This sounds like a complicated process, but maybe it’s the fairest way to do it.

Publishing Proverbs

A post by Paula Munier on the Career Authors website two days ago caught my attention.  It begins, “Publishing is rife with conventional wisdom but some of it is actually useful.”

Ms Munier’s website says, “My professional evolution mirrors that of publishing itself.  From my early days as a reporter to my latest incarnation as all-around content queen and bottle washer, I’ve reinvented myself as the publishing industry has changed—and keeps on changing. The only constant: My love of the written word. Over my 20-plus years in the business, I’ve conceived, created, produced, and marketed exceptional content in all formats across all markets for such media giants as WGBH, Fidelity, Disney, Gannett, F+W Media, Quarto, Greenspun Media Group, among others. ”

Paula Munier

Some of the publishing proverbs she mentions are as follows:

“1. The first page sells the book, the last page sells the next book.

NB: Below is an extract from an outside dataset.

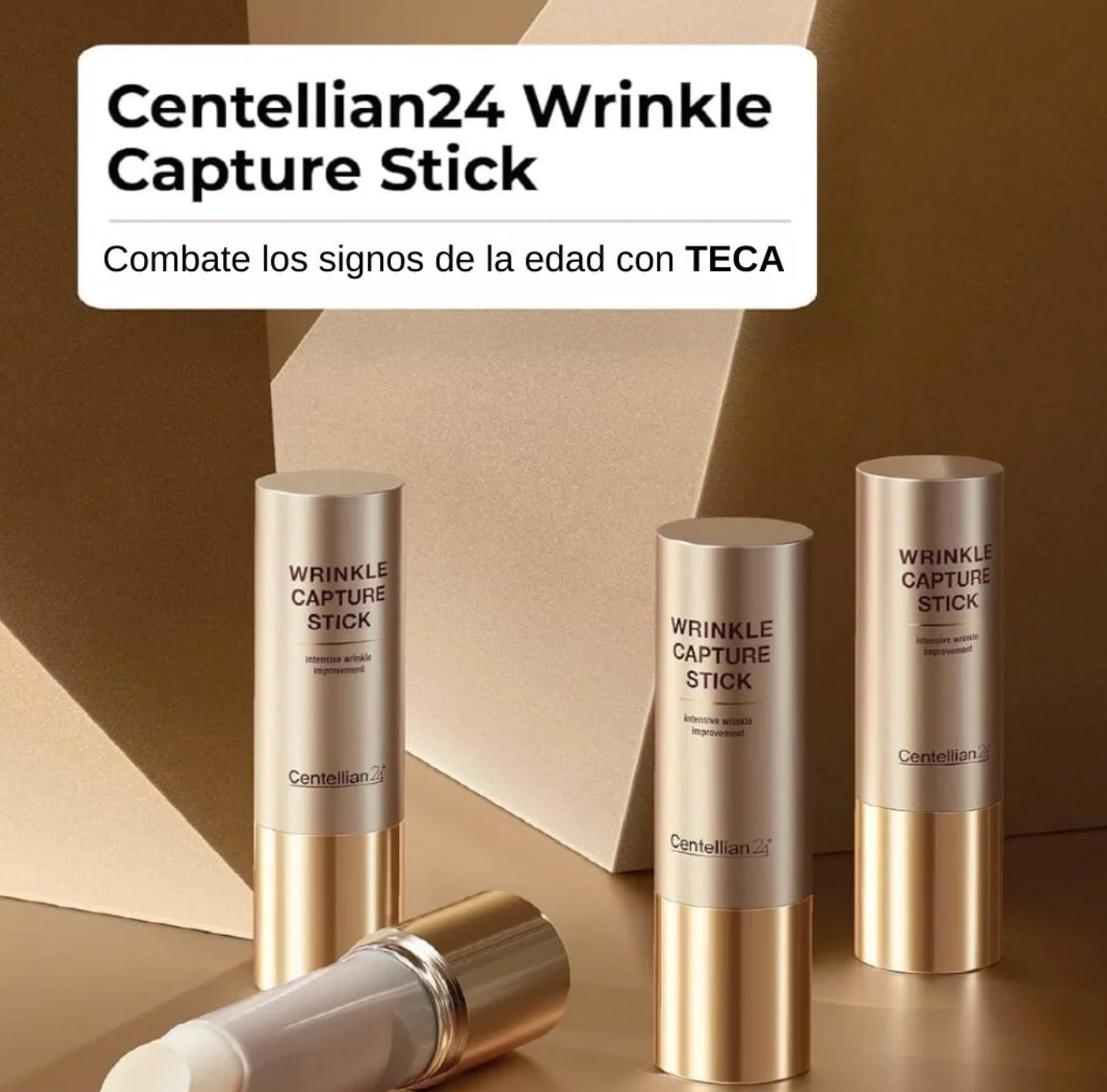 Barra antiedad "Madeca Wrinkle Capture Stick 10g" - Centellian 24+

I repeated this recently at a Zoom event and like an old dog full of old tricks I was surprised that so many writers there had not heard it. But it’s as true today as it was when I got my first job in book publishing some 25 years ago. The first page must grab the reader, the last page must satisfy the reader.

2. If there’s a gun on the wall in act one, it better fire in act two.

I’m paraphrasing Anton Chekhov here, whose classic advice on foreshadowing has become so beloved a dramatic principle that it’s now known as Chekhov’s Gun.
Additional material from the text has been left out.